WHAT TO WORK ON. Only one part of the listing is needed: the lines from the one with "Moody Forest Landscape" through the last line, copied exactly and free of pictures.

+++++

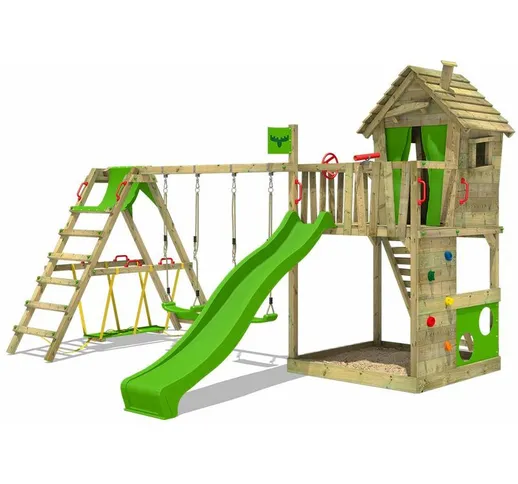 FATMOOSE Parco giochi in legno HappyHome Giochi da giardino con altalena SurfSwing e scivo...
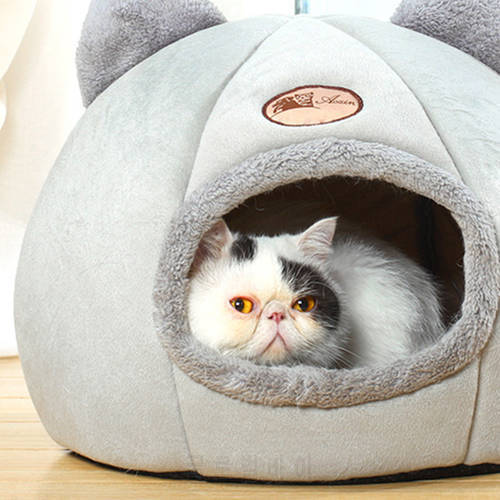 Cat Bed House Warm Deep Sleep Comfort In Winter Little Mat Basket For Cat&39s House Products Pets Tent Cozy Cave Cat Beds Indoor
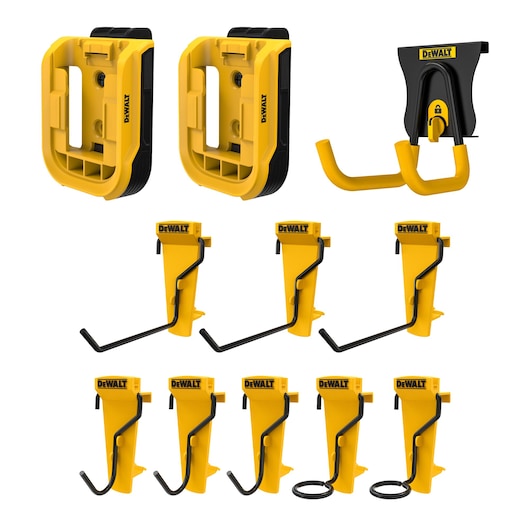 A set of yellow and black DEWALT wall mounts and hooks designed for organizing tools and accessories. The set includes various hooks and brackets in different shapes and sizes for storage solutions.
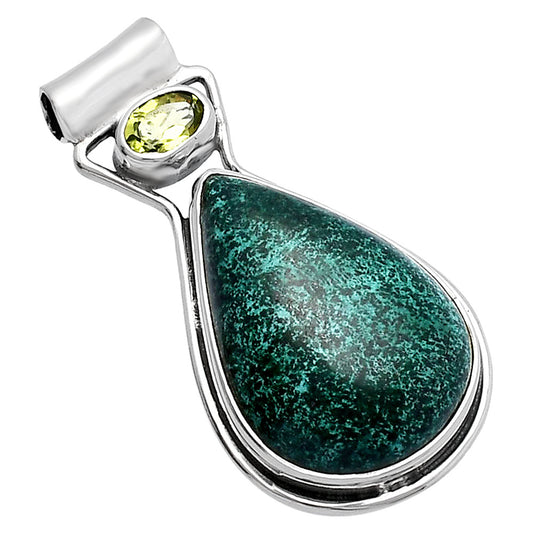 Natural Shattuckite - USA & Peridot Pendant P-1130 SDP144355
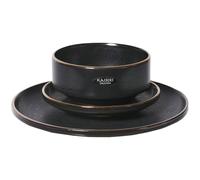 wilko Kaiseki 12 Piece Dinner Set, Black Speckle with Gold Edge, Dishwasher and Microwave Safe, Japanese Zen Collection, Modern Dining
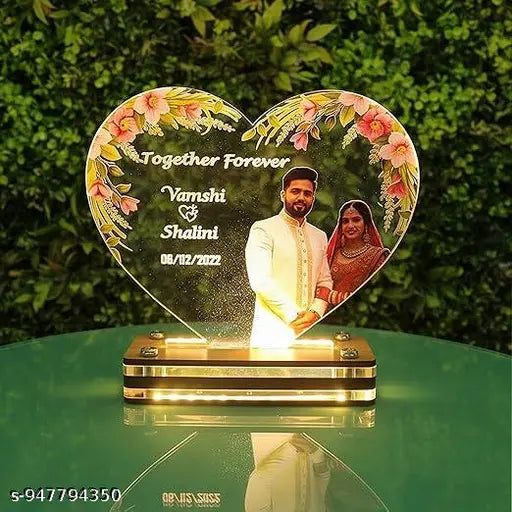 Cartwala Floral Heart Couple Photo Night Lamp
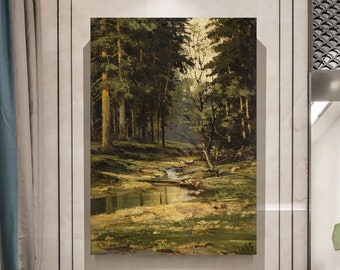 Moody Forest Landscape Canvas Art: Rustic Pine Tree Print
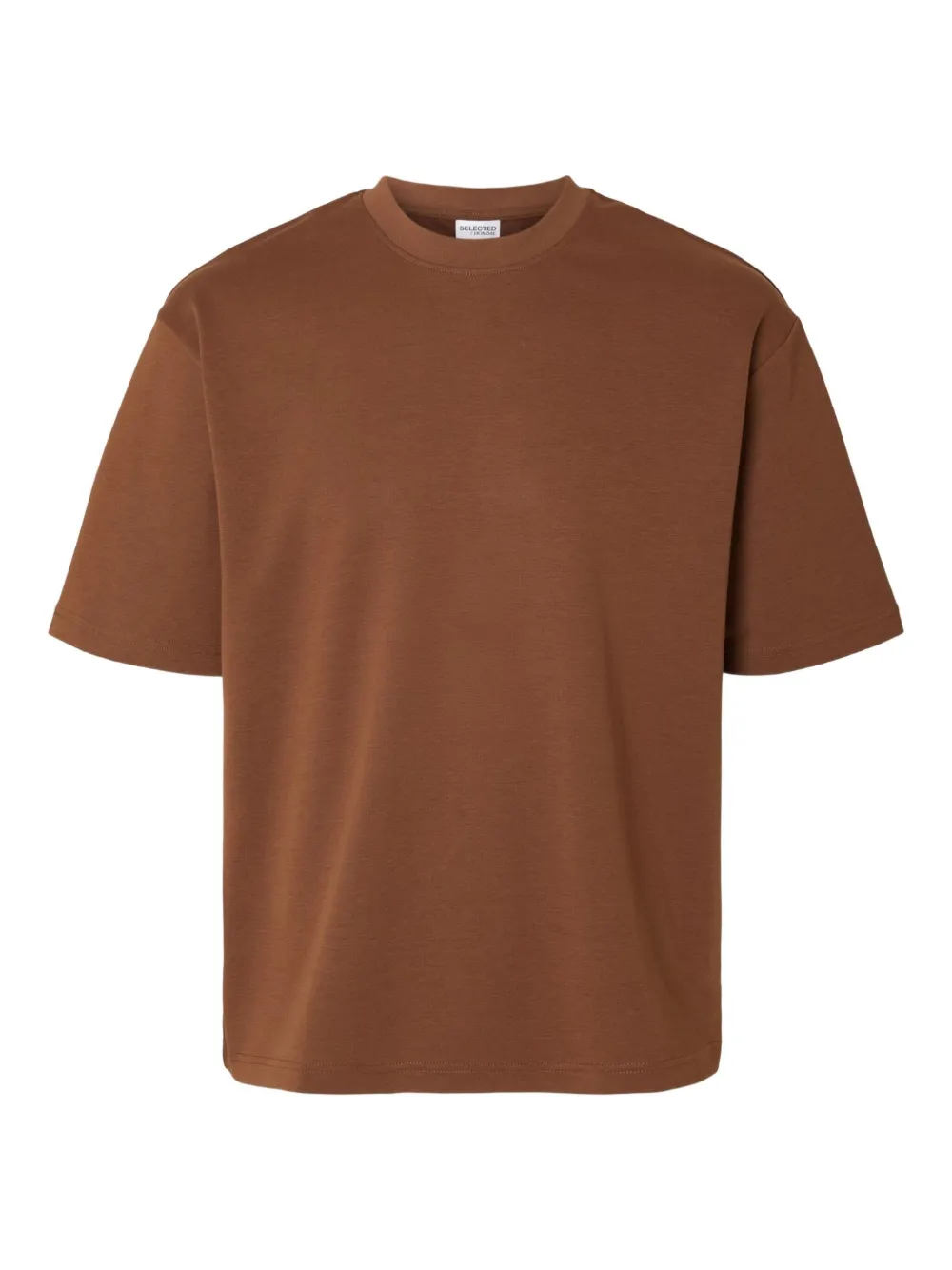 SELECTED T-shirt met ronde hals - Bruin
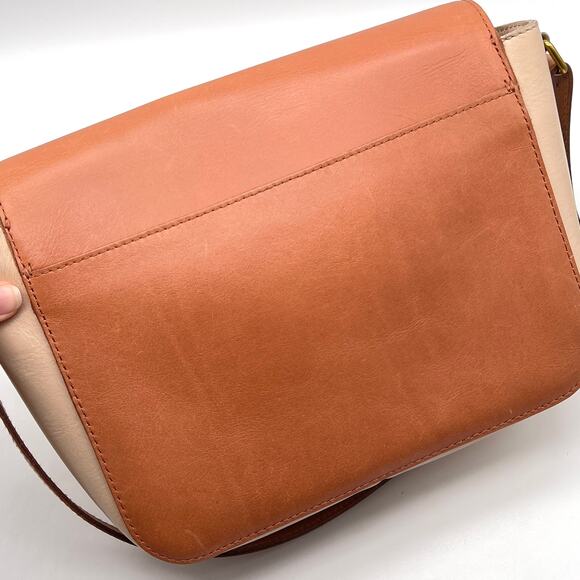 MADEWELL The Abroad Shoulder Bag Colorblock Edition Tan Leather Medium Large - Picture 7 of 16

+++++

WRITTEN ANSWER.
 Moody Forest Landscape Canvas Art: Rustic Pine Tree Print
 SELECTED T-shirt met ronde hals - Bruin
 MADEWELL The Abroad Shoulder Bag Colorblock Edition Tan Leather Medium Large - Picture 7 of 16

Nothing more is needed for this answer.